L’idée d’ériger un monument à Sofia en témoignage de la reconnaissance du peuple bulgare au Tsar Libérateur Alexandre II et à toute la Russie naît immédiatement après la Libération de la domination ottomane en 1878. Or, la conjoncture historique de l’époque ne permet pas de mettre l’idée à exécution.
Après cinq siècles de domination ottomane la grande priorité du moment est de rétablir l’Etat bulgare. La toute nouvelle Principauté de Bulgarie doit faire face à des défis sérieux – mettre sur pied les institutions de l’Etat, convoquer l’Assemblée Constituante (1879) à charge d’élaborer la loi fondamentale du pays, aménager et embellir le centre de la capitale. Cette époque est marquée surtout par les efforts de réunifier la Bulgarie arbitrairement coupée en deux – Principauté de Bulgarie et Roumélie Orientale – en vertu du traité de Berlin de 1878. A la suite de la Réunification en 1885, les relations bulgaro-russes prennent un mauvais coup et, du temps du gouvernement de Stefan Stambolov (1854- 1895) elles sont même interrompues pour 10 ans. A la lumière de ces événements ériger un monument était loin des velléités de s’émanciper de la Russie libératrice.
Ce n’est qu’au cours de la seconde moitié des années 90 du 19e siècle, que le prince Ferdinand met le cap sur une politique de réconciliation et de rapprochement avec Saint Pétersbourg, puisque de toute évidence la ligne antirusse n’a rien apporté de positif. « Voilà comment l’idée d’édifier un monument au Tsar Libérateur Alexandre II devient possible », dit Mikhaïl Simov du Musée national d’Histoire de Sofia.

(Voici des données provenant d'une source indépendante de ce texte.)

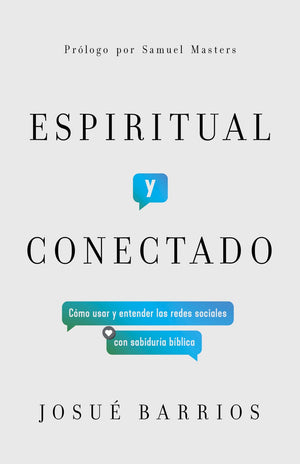 Espiritual y conectado: Como usar y entender las redes sociales con sabiduria biblica (Spanish Edition)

« En 1898, l’association des anciens combattants volontaires de Sofia propose de constituer un comité du nom de Tsar-Libérateur avec pour mission d’organiser un concours pour l’édification d’un mémorial. Le président de l’assocition est l’éminente personnalité publique, homme de lettres et éducateur Stoyan Zaïmov (1853-1932). L’idée bénéficie de l’appui de l’Etat et du prince Ferdinand Ier, nommé président d’honneur de l’association. C’est le prince en personne qui fait le premier don pour la cause – 50 mille leva or. L’Assemblée nationale donne elle aussi une somme importante. Au financement du projet se joignent des organisations sociales et les sommes provenant de la diffusion d’un timbre-poste à l’effigie de l’empereur Alexandre II spécialement émis pour l’occasion. En 1900 un concours à participation internationale est lancé avec un règlement strictement formulé quant aux événements à recréer, aux éléments à inclure… 31 artistes se portent candidats, dont un de Turquie, chacun avec sa maquette que le public peut voir au centre équestre de Sofia.
Le jury international retient l’idée du sculpteur florentin Arnaldo Zocchi bien que certains autres projets soient meilleurs que le sien, mais les membres du jury se disent impressionnés par la dynamique et l’ampleur des figures, mises en relief par un étranger à ces événements. Mieux encore, l’oeuvre de l’artiste italien s’inscrivait parfaitement bien dans le style architectural et formait le centre de la toute nouvelle capitale. »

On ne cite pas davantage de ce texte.